Environ 79 membres d’un groupe musulman dissident sont détenus depuis deux ans sans avoir été inculpés.

Complément d’information

L’Érythrée est devenue formellement indépendante le 24 mai 1993, à l’issue d’un référendum organisé par les Nations unies et après deux années d’indépendance de facto du gouvernement éthiopien à partir de 1991 ; un nouveau gouvernement avait alors été formé par le Front populaire de libération de l’Érythrée (FPLE). Depuis le conflit frontalier avec l’Éthiopie en 1998-2000, l’ancien dirigeant du FPLE et actuel président et dirigeant du Front populaire pour la démocratie et la justice (FPDJ), Issayas Afewerki, a repoussé à une date indéterminée l’introduction d’un système multipartite et la tenue d’élections, deux éléments essentiels de la constitution de 1997. La question de la frontière entre l’Érythrée et l’Éthiopie n’a toujours pas été résolue et reste un sujet de forte tension régionale.

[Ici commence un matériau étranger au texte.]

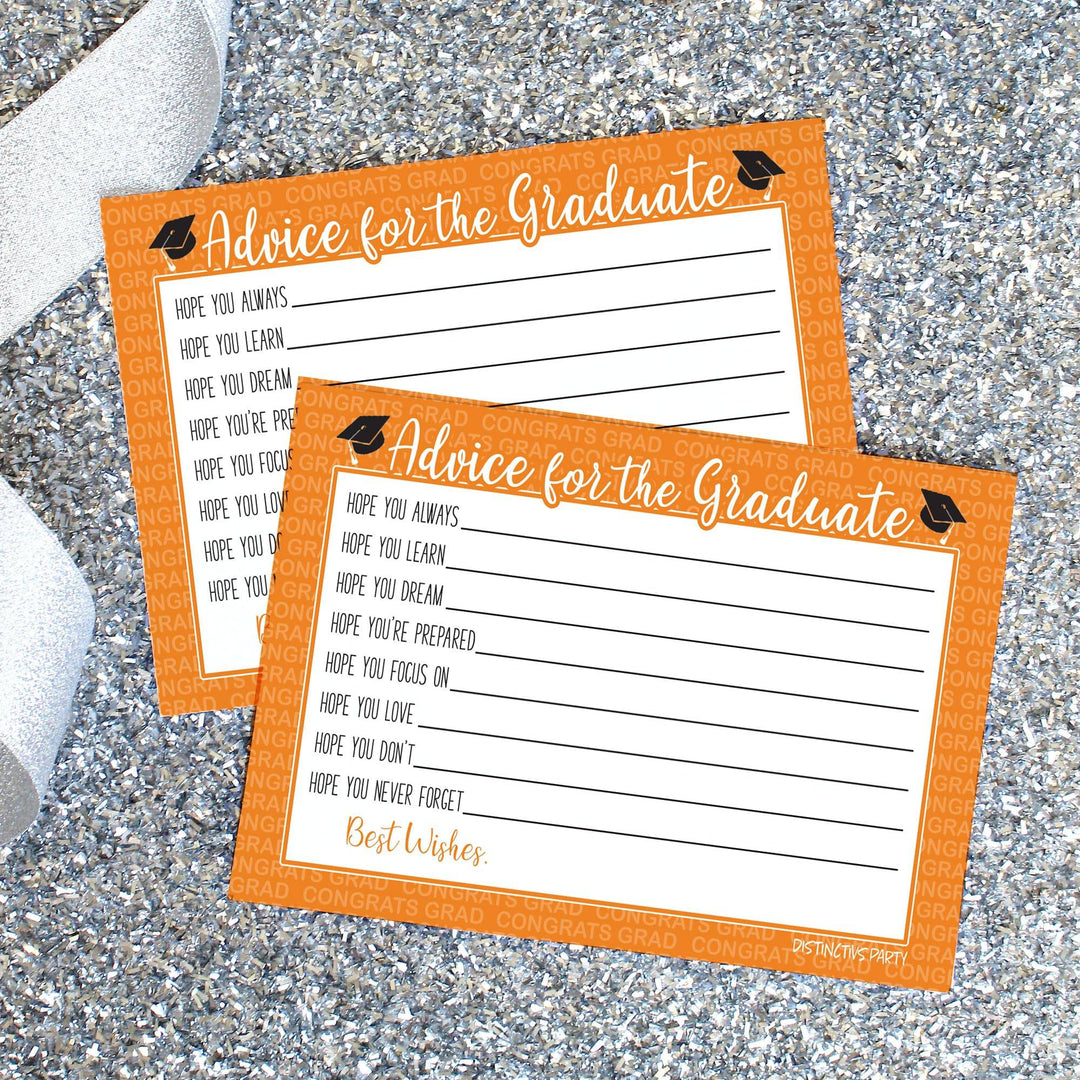 Graduation Class of 2025: Graduation Advice Cards – 16 Colors - 25 Cards - Distinctivs Party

Début septembre 2006, les Nations unies ont une nouvelle fois critiqué les restrictions apportées par le gouvernement érythréen au travail de surveillance de la mission de maintien de la paix des Nations unies dans les zones frontalières ; les Nations unies ont par ailleurs déploré l’expulsion de cinq membres du personnel international et l’arrestation d’un bénévole de la mission des Nations unies.

Les partis d’opposition, les organisations de la société civile indépendantes et les groupes de défense des droits humains ne sont pas autorisés. Les médias non gouvernementaux sont fermés depuis septembre 2001 et 14 journalistes en tout sont détenus. Toute critique du gouvernement est violemment réprimée. Les offices religieux par des groupes n’ayant pas reçu une autorisation officielle (c’est-à-dire tous, à l’exception des orthodoxes, catholiques, luthériens et musulmans) sont interdits, en contradiction avec la Constitution qui prévoit la protection du droit à la liberté de conviction.

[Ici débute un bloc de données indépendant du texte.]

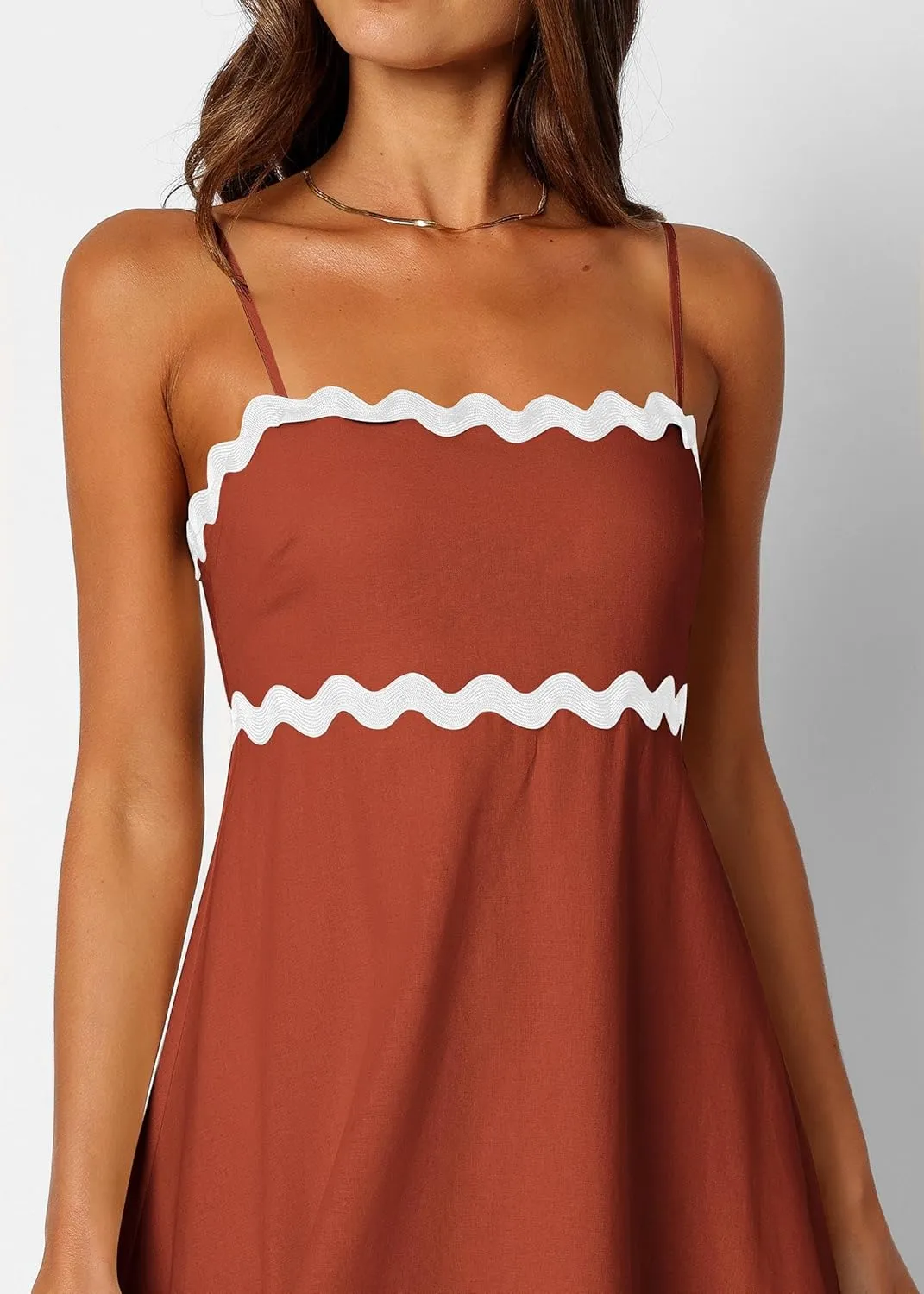KIRUNDO Womens Summer Dresses 2025 Boho Spaghetti Strap Sleeveless Smocked Rickrack Trim Flowy Beach Vacation Midi Sundress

Plusieurs milliers d’hommes et de femmes ont fui l’Érythrée depuis 2001. Les personnes renvoyées de force par Malte en 2002 et par la Libye en 2004 ont été placées en détention et torturées. Plusieurs demandeurs d’asile érythréens ont été déboutés dans des pays occidentaux, certains ont été placés en détention dans l’attente d’une éventuelle expulsion vers l’Érythrée. Jusqu’à présent les directives du Haut-Commissariat des Nations unies pour les réfugiés, qui s’oppose au retour des demandeurs d’asile déboutés en Érythrée en raison du bilan négatif de ce pays en matière de droits humains, ont été respectées. Trois cents demandeurs d’asile érythréens en Libye, arrivés par le Soudan, parmi lesquels 80 femmes et trois jeunes enfants, ont été arrêtés en Libye en août 2006 et pourraient être forcés à rentrer en Érythrée.